Required action: Go through the listing below and repeat it exactly, dropping the pictures.

Provided data:
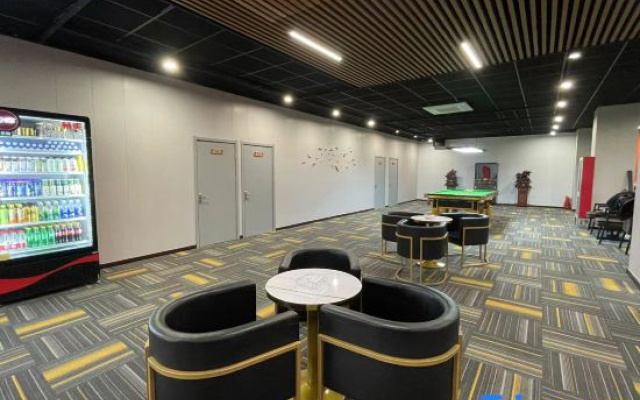 Huoqiu E-sports Apartment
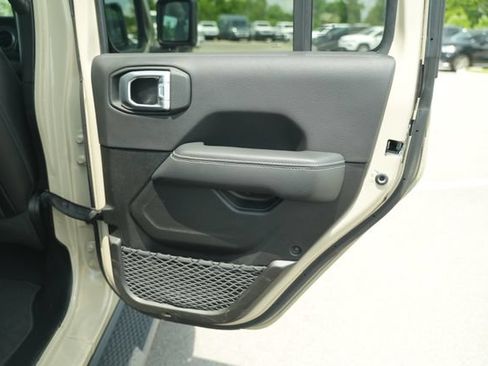 Used 2022 Jeep Wrangler Unlimited Sahara AWD/4WD image 23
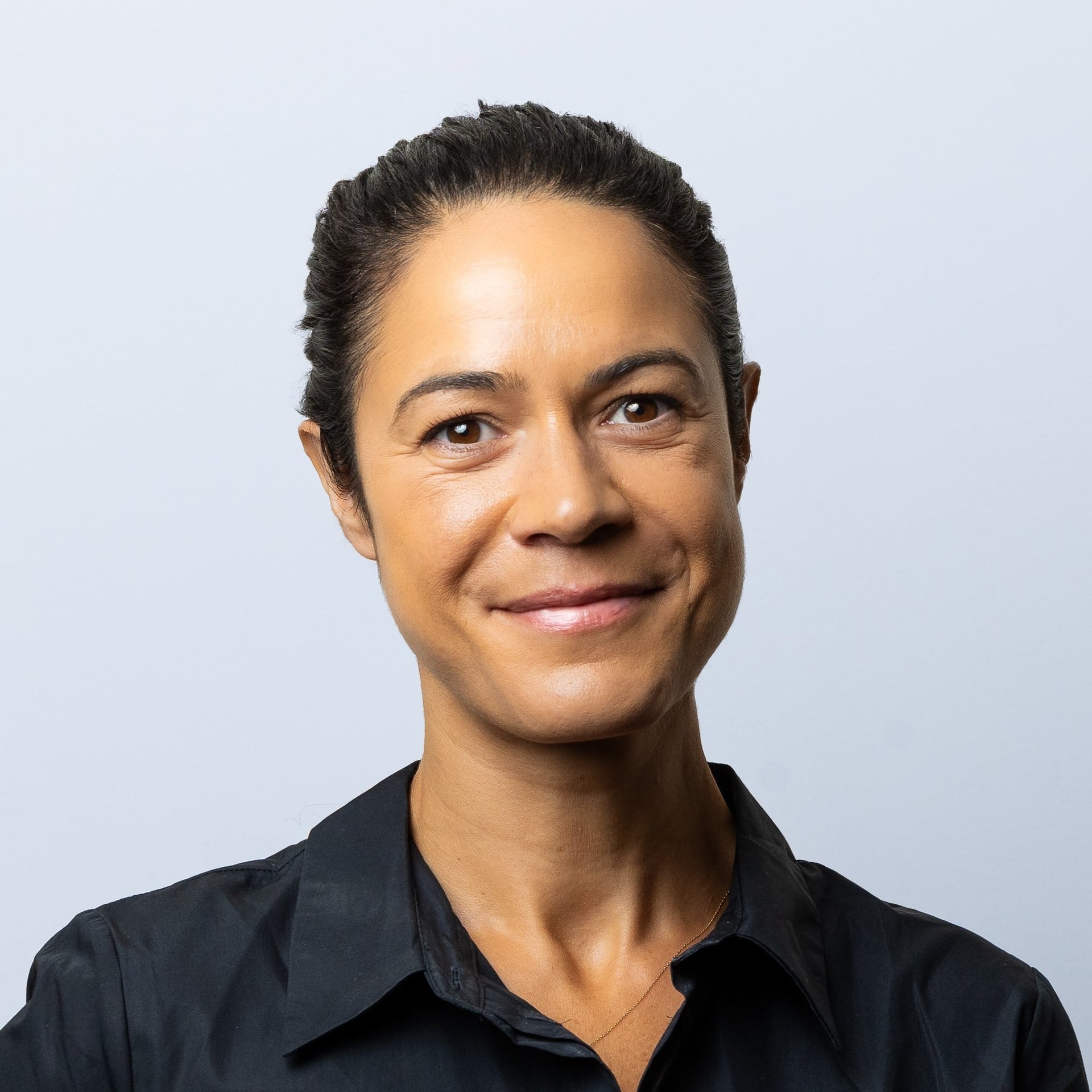 Baker & Partners Welcomes Meenaa Azmayesh in the Cayman Islands.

Response for this exercise:
 Huoqiu E-sports Apartment
 Used 2022 Jeep Wrangler Unlimited Sahara AWD/4WD image 23
 Baker & Partners Welcomes Meenaa Azmayesh in the Cayman Islands.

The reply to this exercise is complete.